DATA TO EXAMINE ->
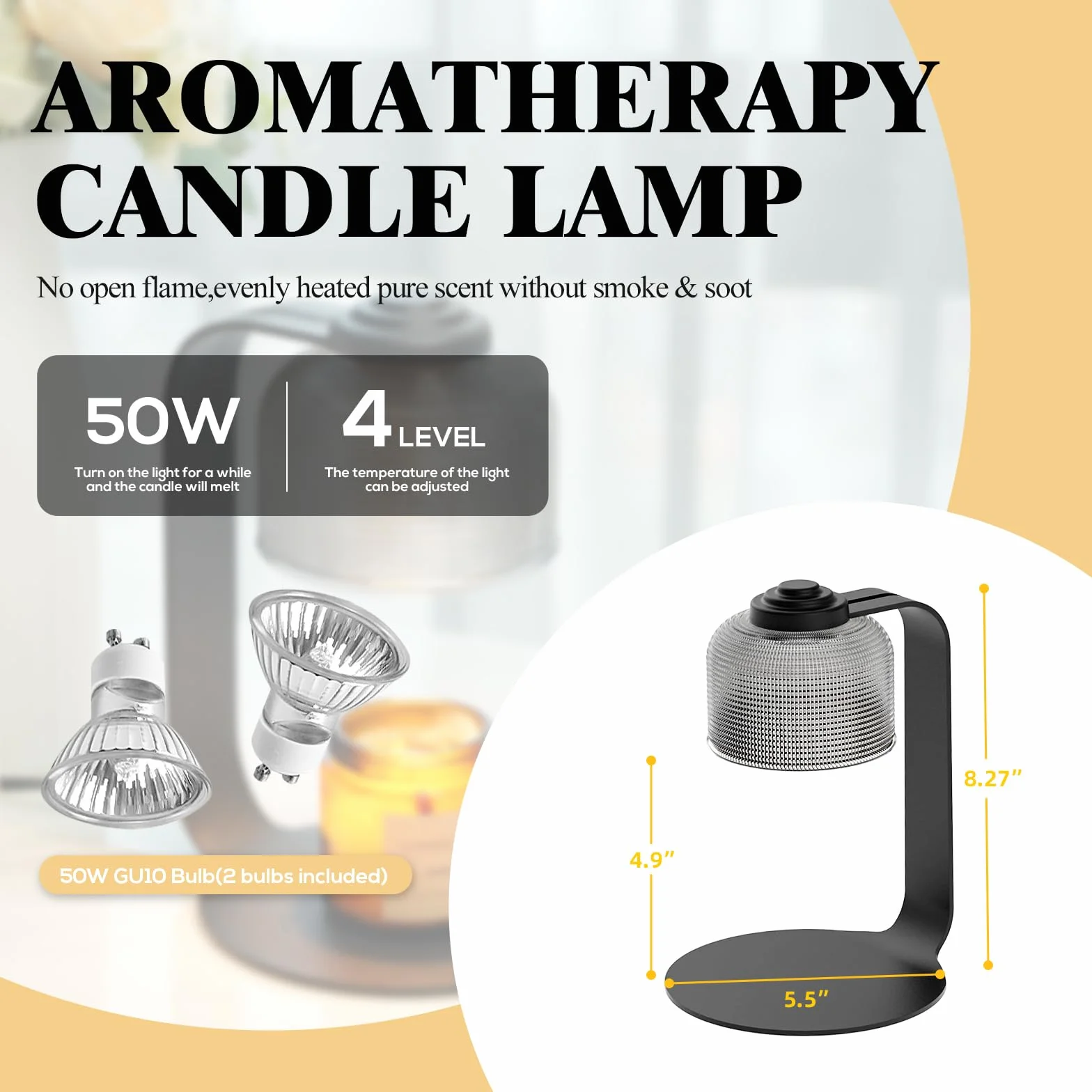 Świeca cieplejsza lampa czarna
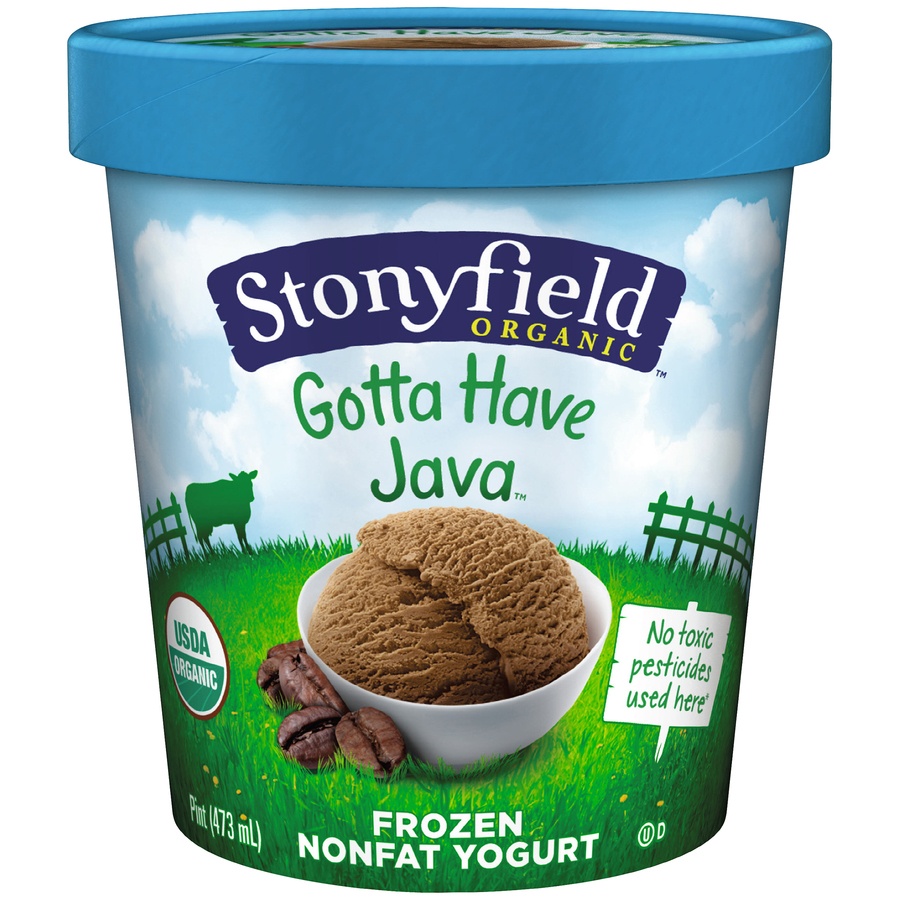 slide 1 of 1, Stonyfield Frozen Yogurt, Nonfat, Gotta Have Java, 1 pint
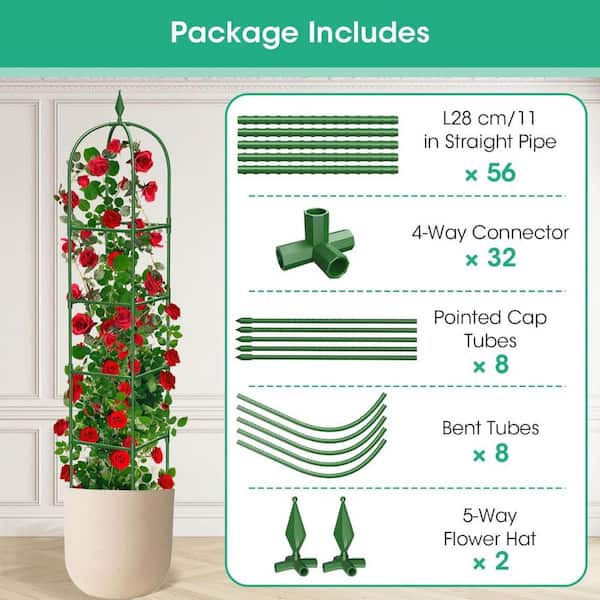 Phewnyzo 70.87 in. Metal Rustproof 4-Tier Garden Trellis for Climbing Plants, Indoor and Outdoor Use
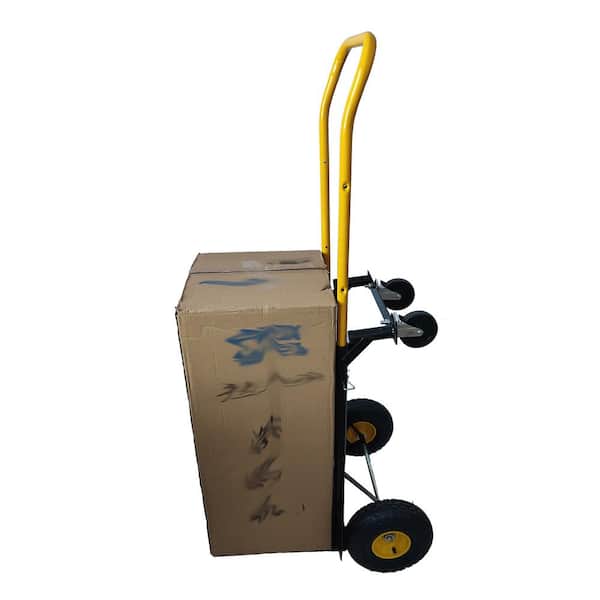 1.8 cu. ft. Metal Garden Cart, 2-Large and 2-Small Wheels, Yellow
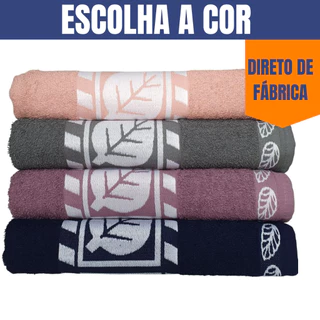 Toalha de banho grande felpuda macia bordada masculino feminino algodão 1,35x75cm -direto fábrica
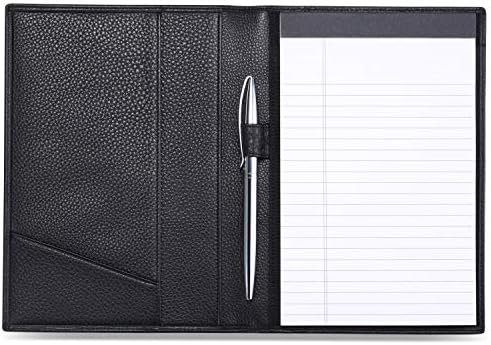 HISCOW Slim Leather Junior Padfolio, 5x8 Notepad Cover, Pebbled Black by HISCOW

--

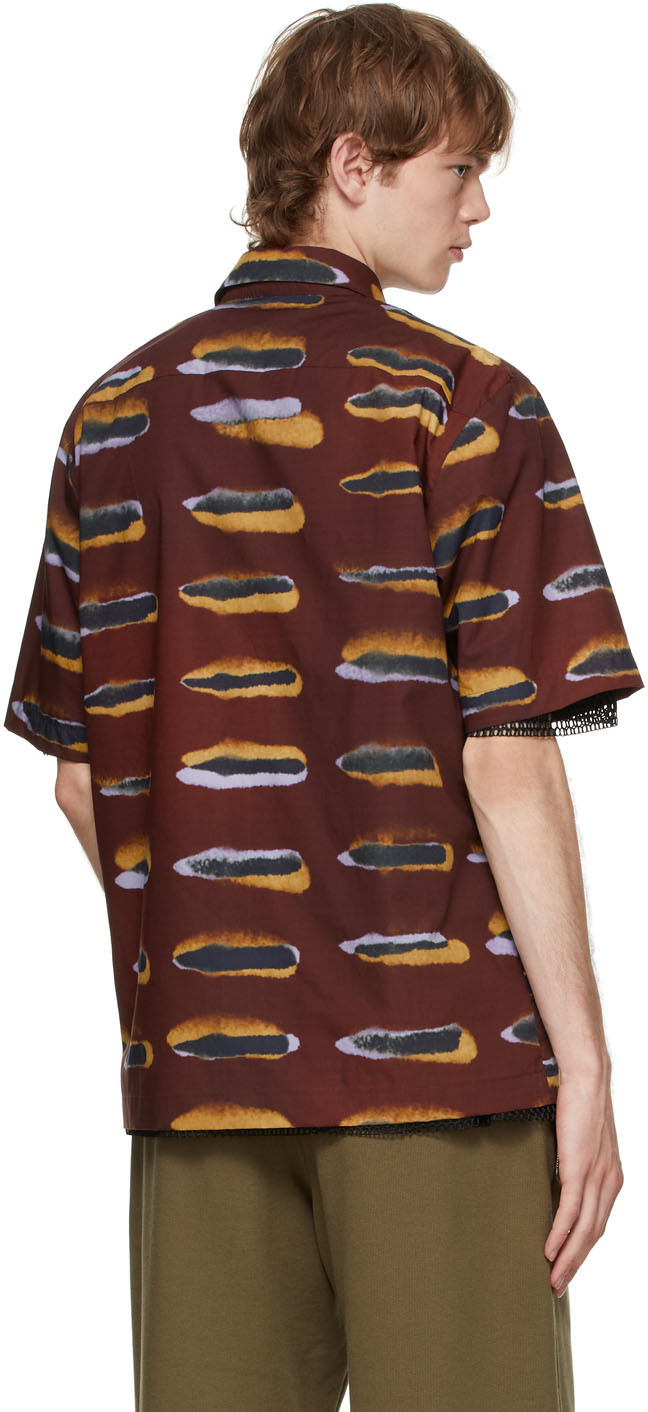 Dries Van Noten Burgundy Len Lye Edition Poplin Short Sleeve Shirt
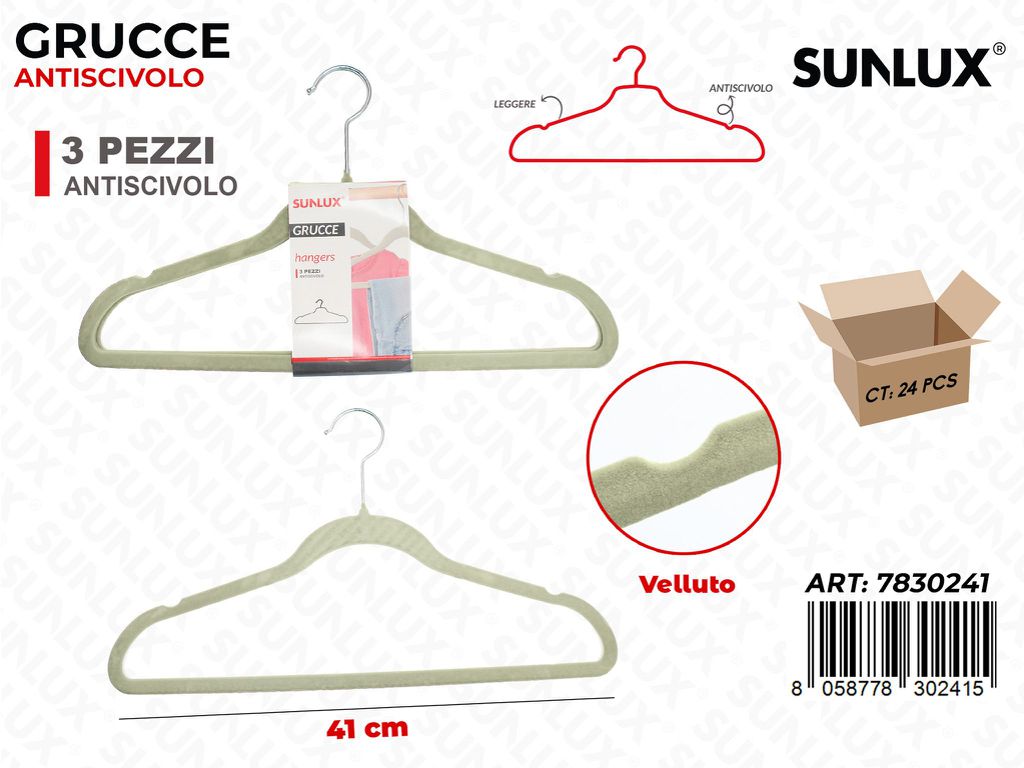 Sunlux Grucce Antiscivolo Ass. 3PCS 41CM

EXERCISE BRIEF ->
Above are the records; please give again, exactly and in full, only the lines that run from the line with "Świeca cieplejsza lampa czarna" through the line with "HISCOW Slim Leather", with no pictures.

EXERCISE SOLUTION ->
 Świeca cieplejsza lampa czarna
 slide 1 of 1, Stonyfield Frozen Yogurt, Nonfat, Gotta Have Java, 1 pint
 Phewnyzo 70.87 in. Metal Rustproof 4-Tier Garden Trellis for Climbing Plants, Indoor and Outdoor Use
 1.8 cu. ft. Metal Garden Cart, 2-Large and 2-Small Wheels, Yellow
 Toalha de banho grande felpuda macia bordada masculino feminino algodão 1,35x75cm -direto fábrica
 HISCOW Slim Leather Junior Padfolio, 5x8 Notepad Cover, Pebbled Black by HISCOW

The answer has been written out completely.